“God told me to climb the mountain” – Pope gives farewell speech

by Rachel Ogbu


100,000 pilgrims gathered in St Peter’s Square to hear Benedict XVI’s emotional goodbye speech. There the Pope revealed that he is stepping aside because God told him to.

He said his resignation was ordained by God who had called on him to devote himself to prayer. He  said God had told him ‘to climb the mountain’.

He thanked catholics for their  closeness and affection and insisted he was ‘not abandoning the  church.’ Instead, he said he’ll serve the church with the  same dedication he has until now, but will do so ‘in a way more suitable to my  age and my strength’.

It was predicted that it was going to rain heavily in Rome at the time the Pope was to address  the people  and  some drizzle dampened the square earlier in the morning, but according to reports, as Pope Benedict  appeared, to the peal of church bells as the clock struck noon, blue sky crept  through the clouds.

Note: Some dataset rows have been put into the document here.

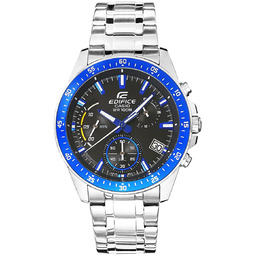 Zegarek Męski CASIO EDIFICE EFV-540D-1A2VUEF 10 BAR +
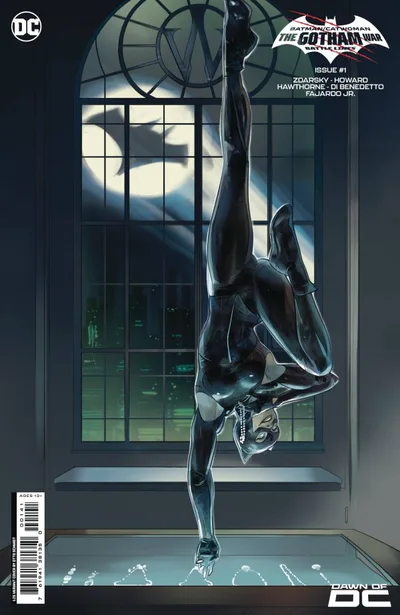 Cover of Cover D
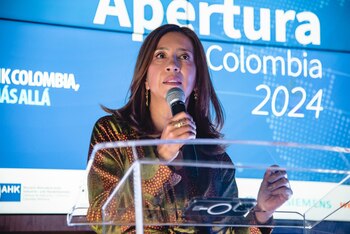 Marcela Perilla es la presidenta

‘We thank God for the sun he has given us,’  the Pope said.

The Daily Mail reports:

He also said he would continue to serve  through meditation and prayer after his historic abdication.

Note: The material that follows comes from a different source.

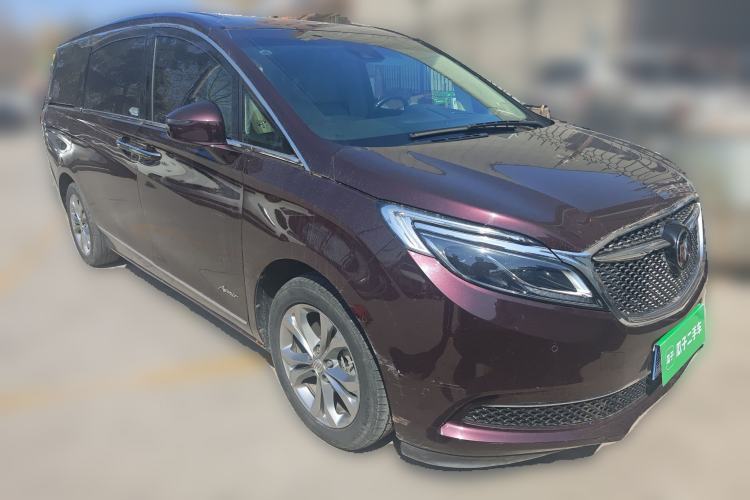 Used Buick GL8 2017 28T Avenir Avia National Emission Standard V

He completed the last Angelus of his  tenure  by saying he will always be close to the Church and its people.

A child in the crowd held up a sign on a  yellow placard, written in  Italian, ‘You are not alone, I’m with you’. Other  admirers held signs simply saying ‘Thank you’.

The 85-year-old will spend his last years in  seclusion in a cloistered monastery within the confines of Vatican  City.

The Pope officially steps down on Thursday.  He resigned two weeks ago, saying he no longer has the mental or physical  strength to lead the world’s 1.2billion Catholics. It is the first time a Pope  has stepped down in 600 years.


Vatican-watchers have speculated that his  declining health is a key factor.

It has subsequently emerged that the Pope had  had a secret heart operation to replace a pace-maker three months  ago.

The Pontiff also suffered a head wound during  an official visit to Mexico last year, which was said to have shaken  him.

Senior church figure Vincenzo Paglia, the  Bishop of Terni, has claimed the Pope’s memory had deteriorated and that he  suffered from occasional spells of lack of consciousness.

Other theories have placed Benedict at the  centre of a plot by a rebel faction of cardinals unhappy with his handling of  the sexual abuse crisis.

The Vatican earlier this week rubbished  Italian media reports alleging the pope’s  resignation was linked to a secret dossier claiming there is a ‘gay network’  inside the clergy.

Italian newspapers have been rife with  unsourced reports claiming the secret  dossier from three cardinals reveals an underground network of senior clergy who  have organised gay homosexual parties and faced  blackmail.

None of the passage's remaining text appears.